Besides the initial pain of this operation there are long-term physiological, sexual and psychological effects. Unsanitary conditions result in infections of the genital and surrounding areas and often results in the transmission of the HIV virus. Other side effects include: hemorrhaging, shock, painful scars, keloid formation, labial adherence, clitoridal cysts, delayed menarche, genital malformation, urinary infection and pelvic infections. When the woman is older she will most likely have gynecological and obstetric problems including sterility. In cases where death occurs the practitioner is seldom blamed. In these cases, the death is blamed on the act of an enemy, the evil spirits, or is excused as God’s will.
Infibulated women experience depression, anxiety, irritability, and reduced feelings of femininity. Sexual and marital problems are very common because women become frigid and do not enjoy sexual intercourse because of the lack of nerve supply in the vaginal region. Pregnant women tend to eat less than they should because they fear their babies will grow too large to pass through the vaginal canal in a.
The justifications for female genital mutilation vary from culture to culture but they all possess one central theme: to keep a woman pure and faithful. A woman who is infibulated will be less likely to engage in pre-marital intercourse and adultery. Other reasons suggest that female genital mutilation prevents vaginal cancer, prevents nervousness and prevents the face from turning yellow. The removal of the clitoris is believed to make the face more beautiful, eliminate vaginal odors and preserve the life of her husband and child. Some believe that the clitoris is a poisonous organ which can cause a man to sicken and die upon contact. If the baby’s head contacts the clitoris during birth it is believed that it will be born with excess cranial fluid and the mother’s milk will turn to poison.

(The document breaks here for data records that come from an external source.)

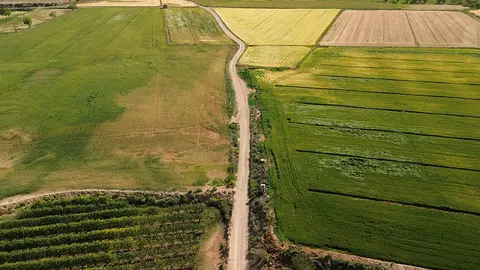 Comparativa camps (Albert Carrera)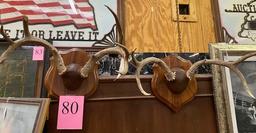 PAIR OF HORN MOUNTS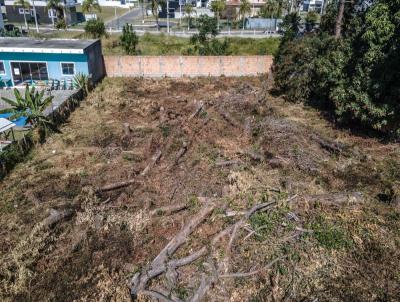 Terreno para Venda, em Florianpolis, bairro So Joo do Rio Vermelho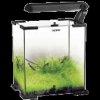 ACVARIU SHRIMP 30 - Pret | Preturi ACVARIU SHRIMP 30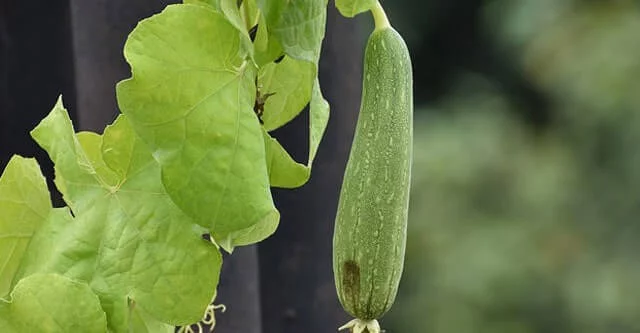 What is ridge gourd (turai)? benefits and nutrition 3 How to get the best and fresh Ridge gourd
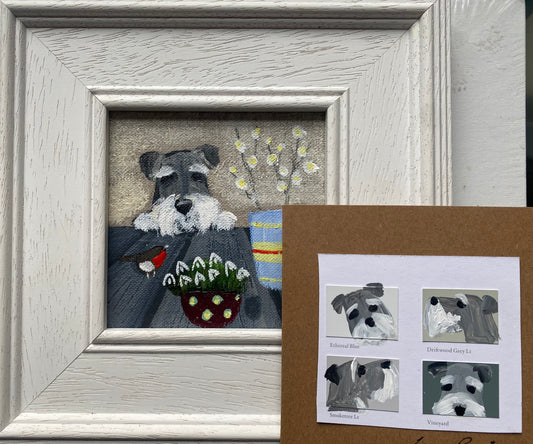 Sid Schnauzer and Snowdrops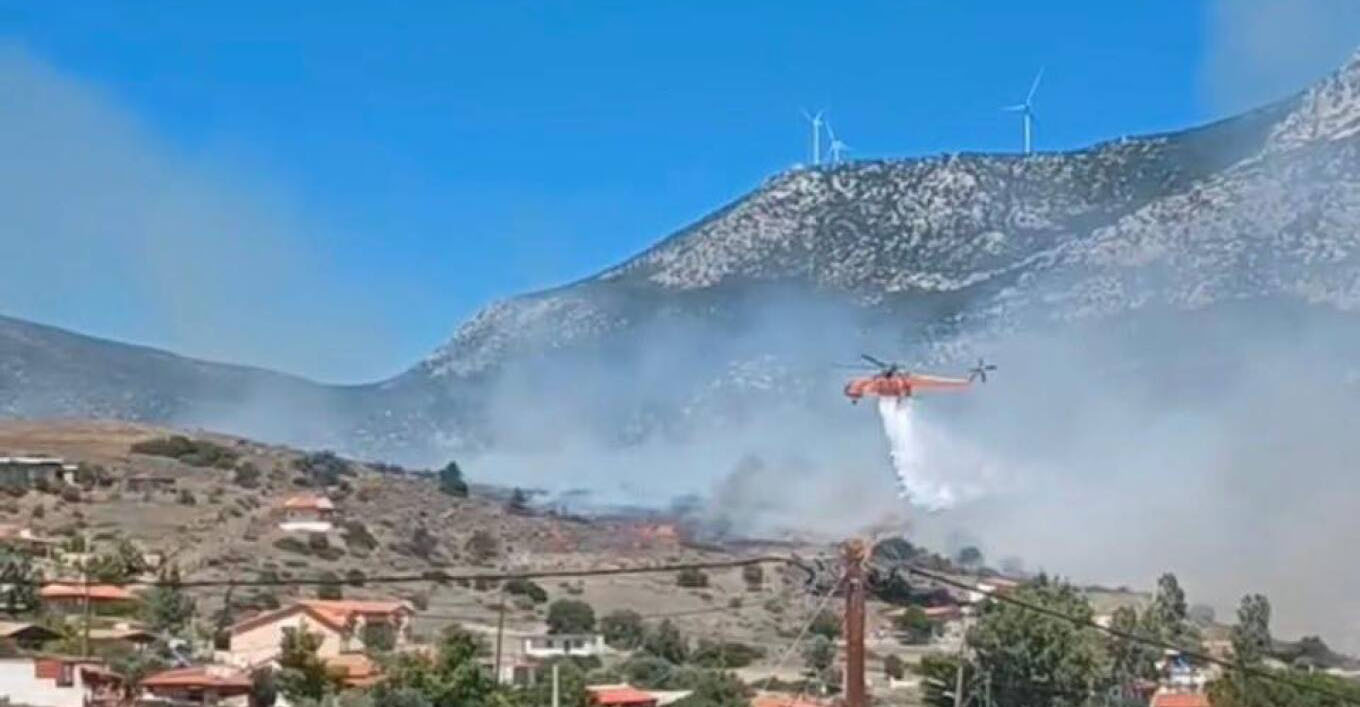 Φωτιά στην Βοιωτία - Μήνυμα από το 112 για εκκένωση της Αλυκής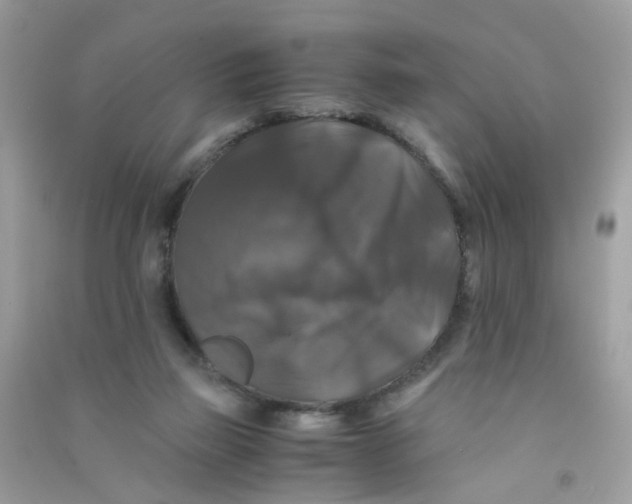 X0000090760165200708172055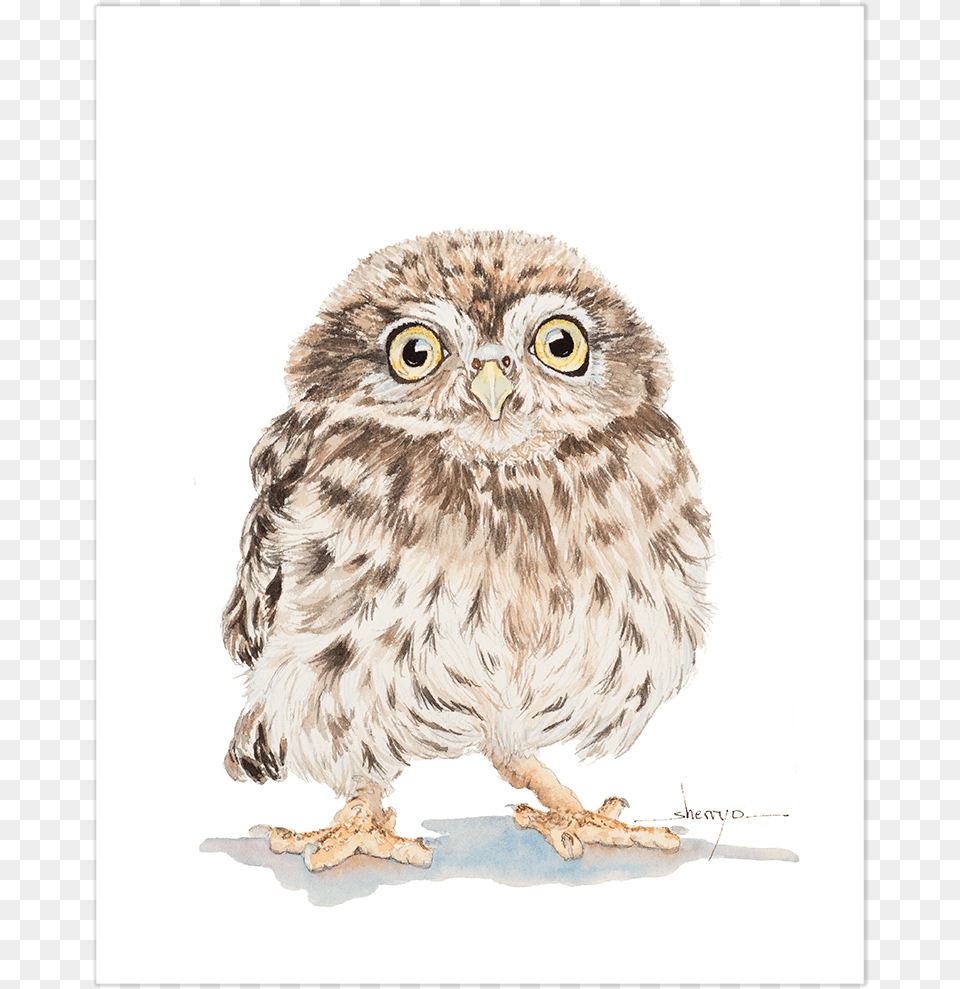 Baby Owl Wall Art Great Grey Owl, Animal, Bird, Drawing Free Transparent Png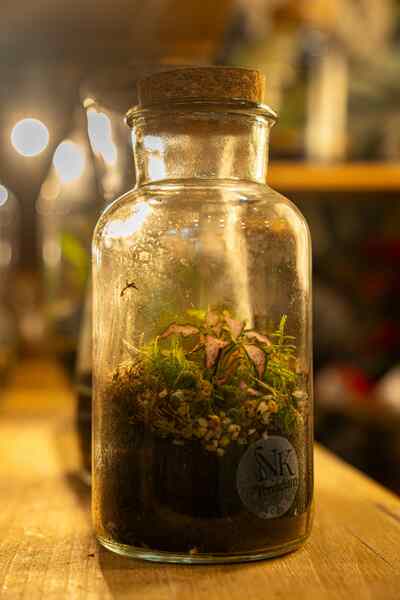 TERRARIO MINI JUNGLE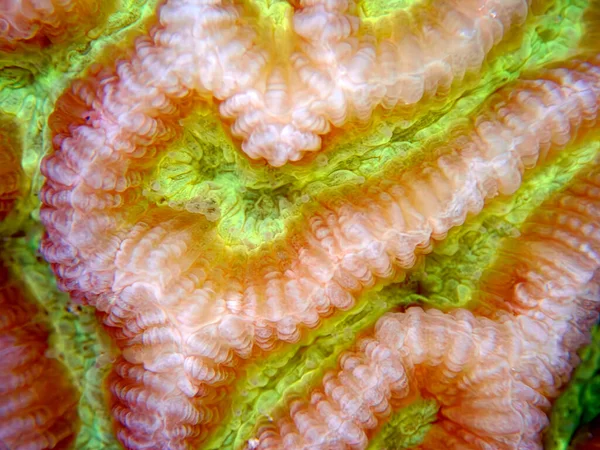 Colpophyllia Natans Boulder Brain Coral Undersea Macro Photography — Stock Photo, Image
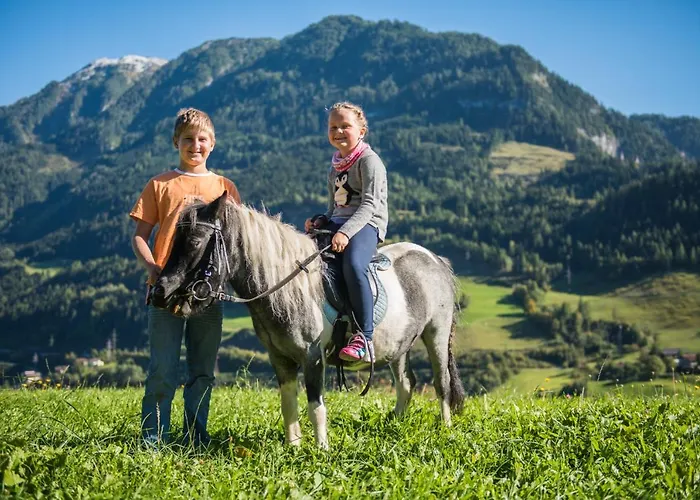 Ganzenhubhof Pensjonat 3*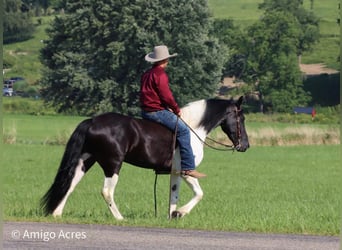Frieserhästar Blandning, Valack, 5 år, 157 cm, Svart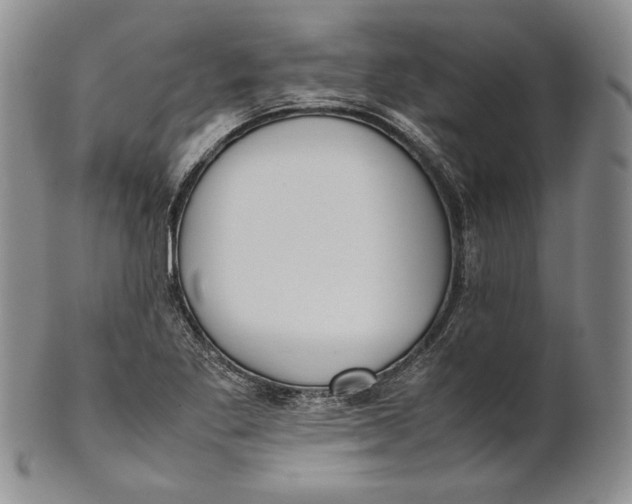 X0000100771269200807101743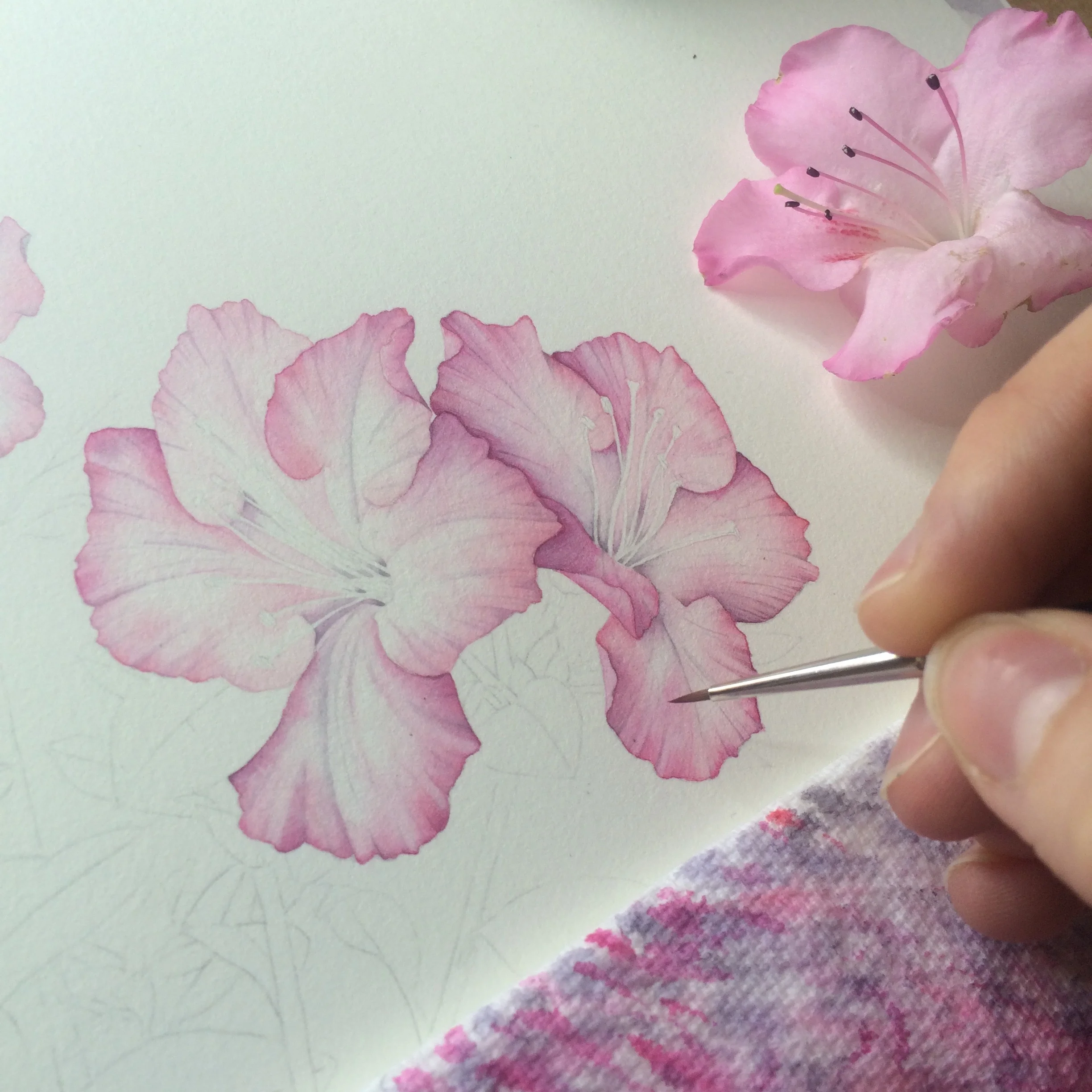 Diploma Portfolio Botanical Illustration — Helen Cousins Botanics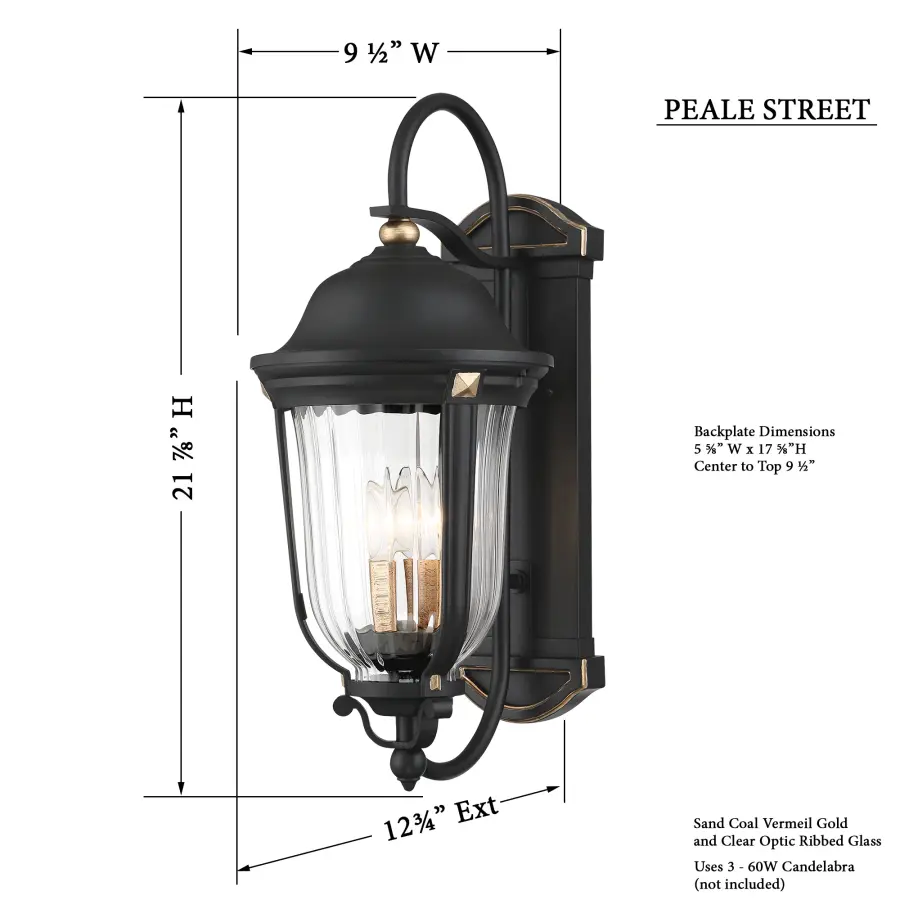 Peale Street 3-Light Outdoor Wall Lantern - Image 3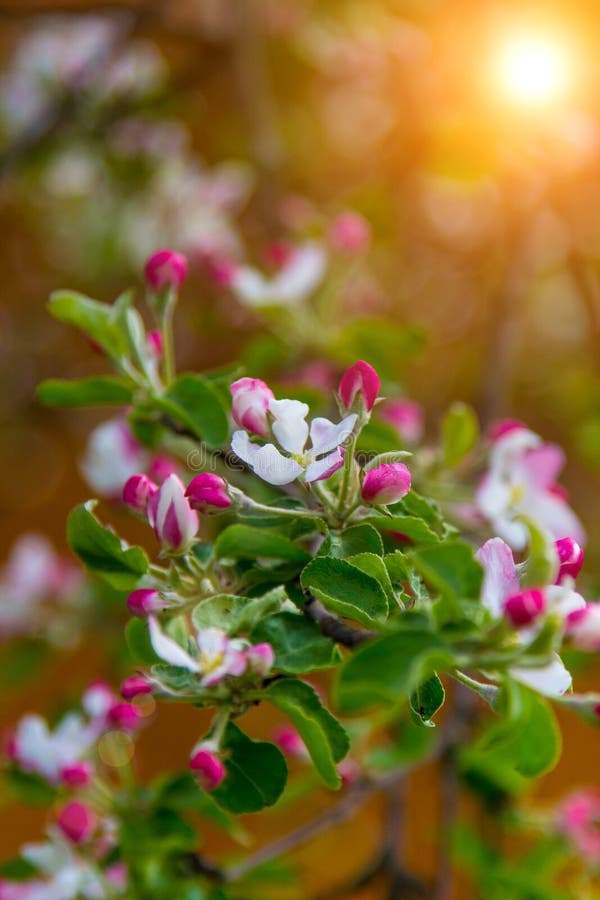 Florierender Apfelbaum mit den sensiblen rosafarbenen Blättern. lizenzfreie stockbilder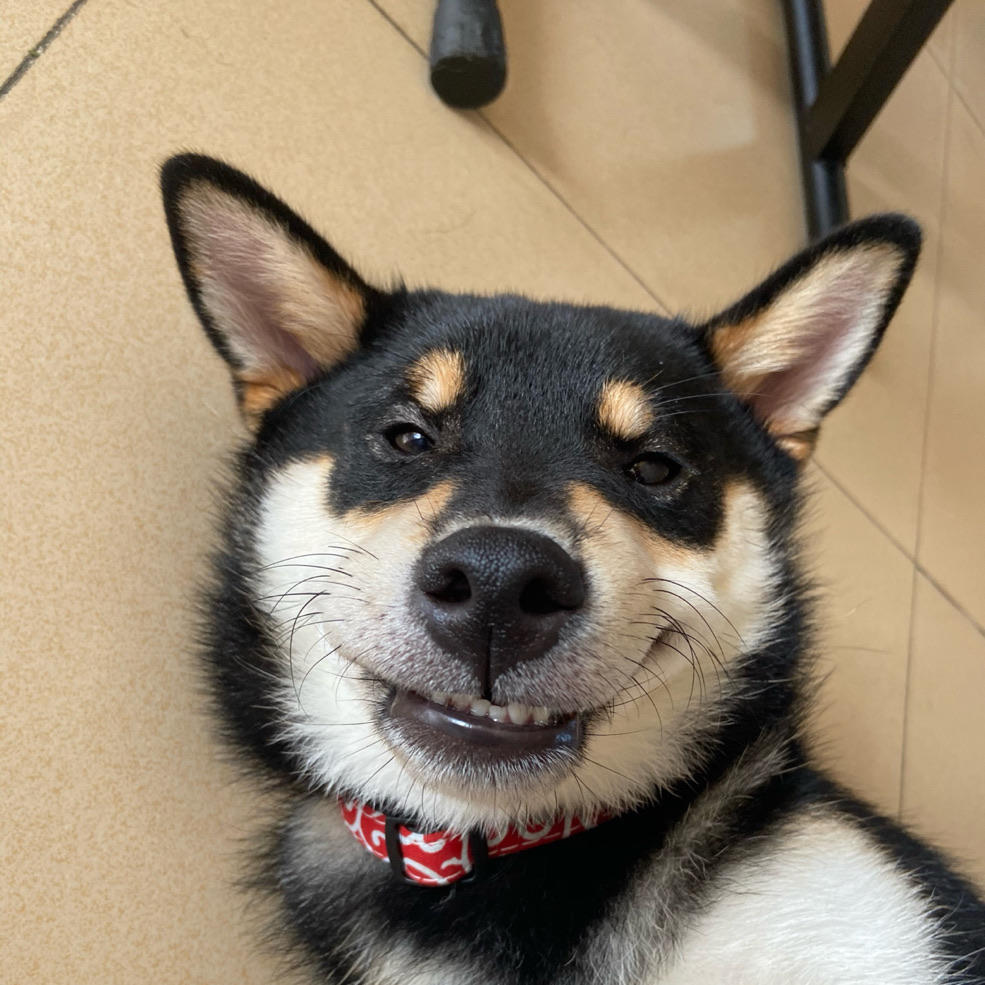 枫叶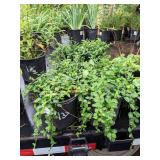 1.5 gallon Vinca (Periwinkle) Lot of 2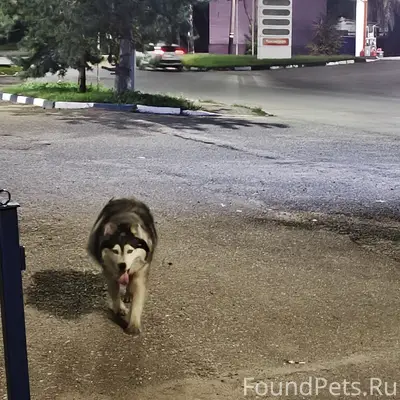 Найден хаски, район ск Мордовия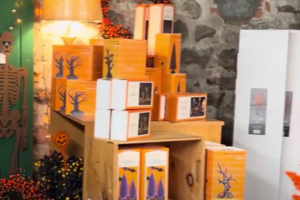 Tour Our New Halloween Room In The Mercantile @ Newberry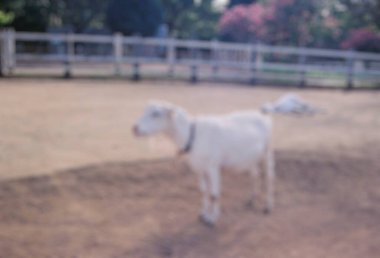 Çiftlikteki koyunlar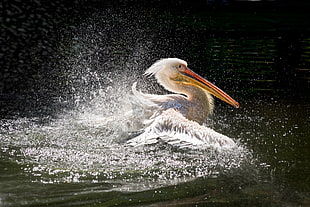 Australian White Pelican on water during daytime HD wallpaper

Although female genital mutilation is illegal in some countries of Africa, this has not reduced the number of girls mutilated each year. Those who practice female genital mutilation do not report it and most of the time it occurs in remote places where the government does not have easy access. Therefore, the governments of these countries have no way of monitoring the spread and practice of female genital mutilation. Adding to these difficulties is the uncooperation of the women who seek out the operation. Women are often unwilling to change these customs because it is the way things have always been done. Going against this custom would be refusing to follow in their mothers, grandmothers, and aunts footsteps, which would bring shame against herself and tarnish her family honor.
Female genital mutilation is such a brutal and barbaric practice that it is amazing it is still occurs today. The health hazards associated with it should be enough to have it terminated. However, the reasons women have forgoing through with the operation is the custom of female genital mutilation is so engrained in their sociocultural system. The importance of family honor, virginity, chastity, purity, marriageability, and childbearing in these societies cannot be overstressed. Therefore in the minds of the people who adhere to this belief, the benefits gained from this operation for the girl and her family far outweigh any potential danger.
Female Genital Mutilation. See: http://www.religioustolerance.org/fem_cirm.htm
Female Genital Mutilation Research Homepage. See: http://www.hollyfield.org/fgm/
Kouba, Leonard and Judith Muasher
1985 Female Circumcision in Africa: an Overview. African Studies Review 28:95-110.
Van Der Kwaak, Anke
1992 Female Circumcision and Gender Identity: A Questionable Alliance? Social Science and Medicine 35(6):777-787.